#### [Your goal]
In the answer, each line from the top of the material through the line that contains "Image of Bass" is restated exactly. No picture is given again.

#### [Data excerpt]
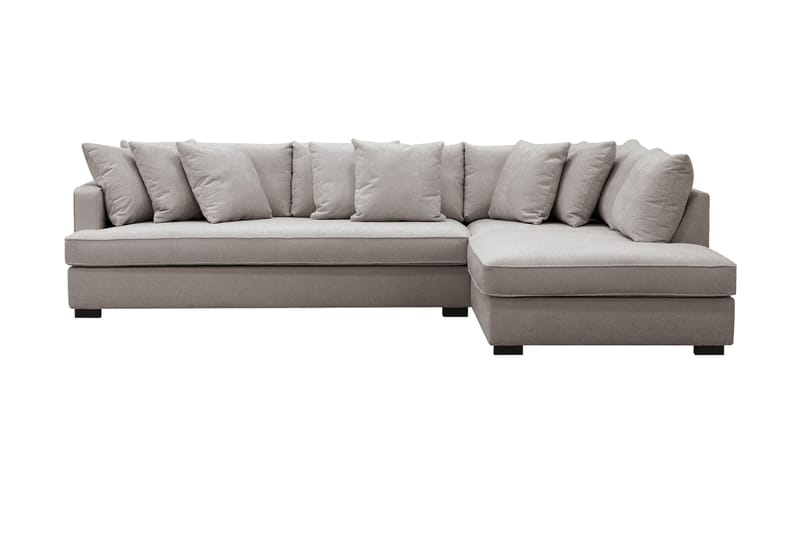 Rossita 4-sits Högervänd L-formad Djup Schäslongsoffa med Hel dyna i Chenille - Grå / Brun - Möbler - Soffa - Divansoffa & schäslongsoffa - 4 sits soffa med divan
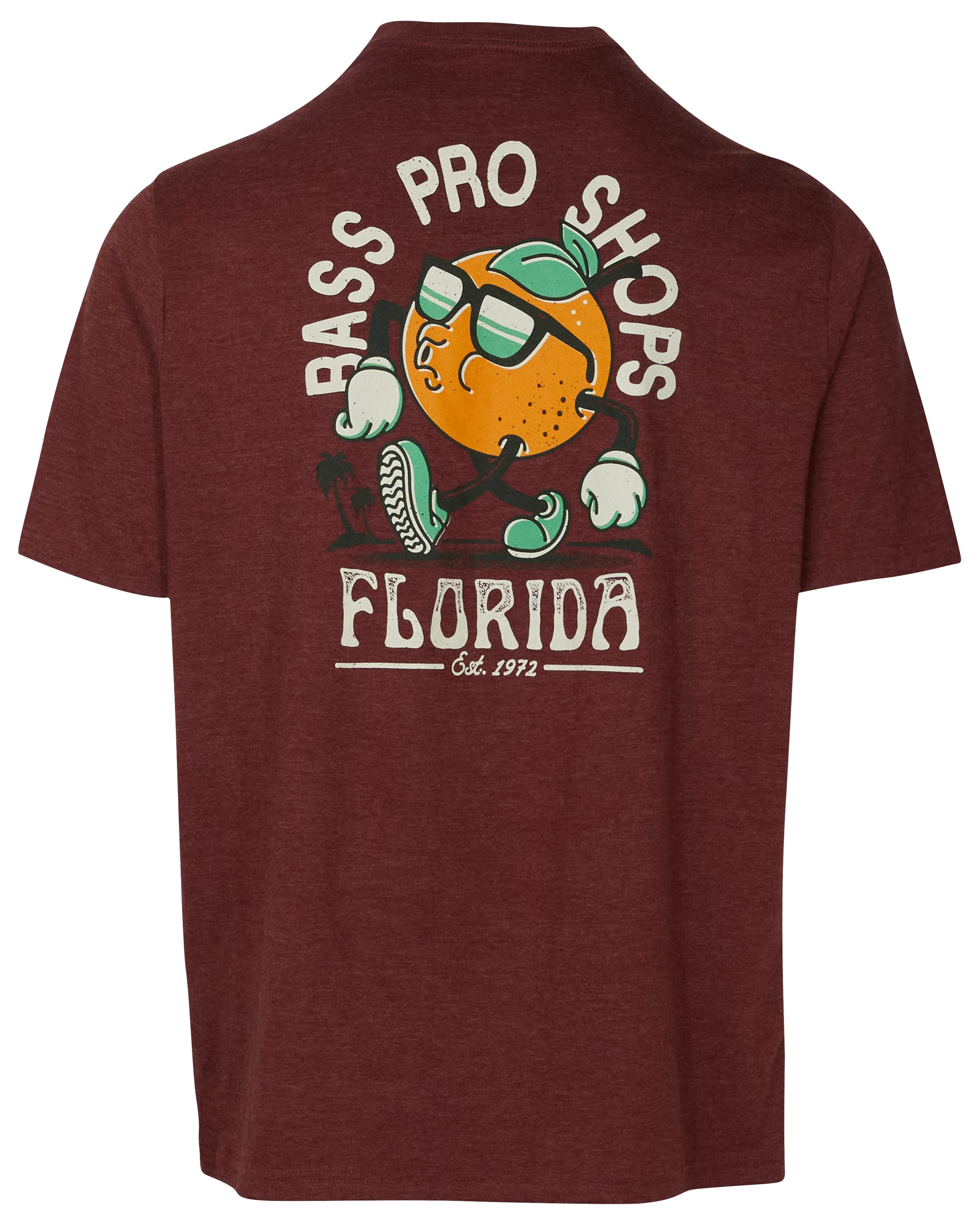 Image of Bass Pro Shops Florida Orange Short-Sleeve T-Shirt for Men - Heather Maroon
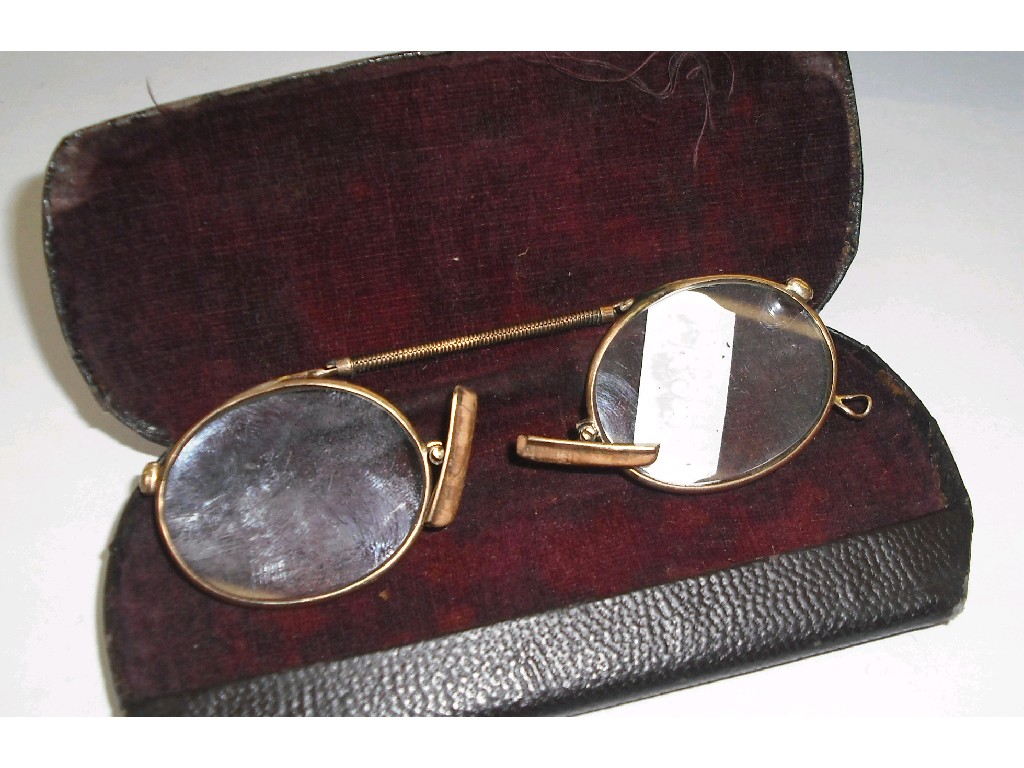 Appraisal: Pair of early ct spectacles in original case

#### [Task response]
 Rossita 4-sits Högervänd L-formad Djup Schäslongsoffa med Hel dyna i Chenille - Grå / Brun - Möbler - Soffa - Divansoffa & schäslongsoffa - 4 sits soffa med divan
 Image of Bass Pro Shops Florida Orange Short-Sleeve T-Shirt for Men - Heather Maroon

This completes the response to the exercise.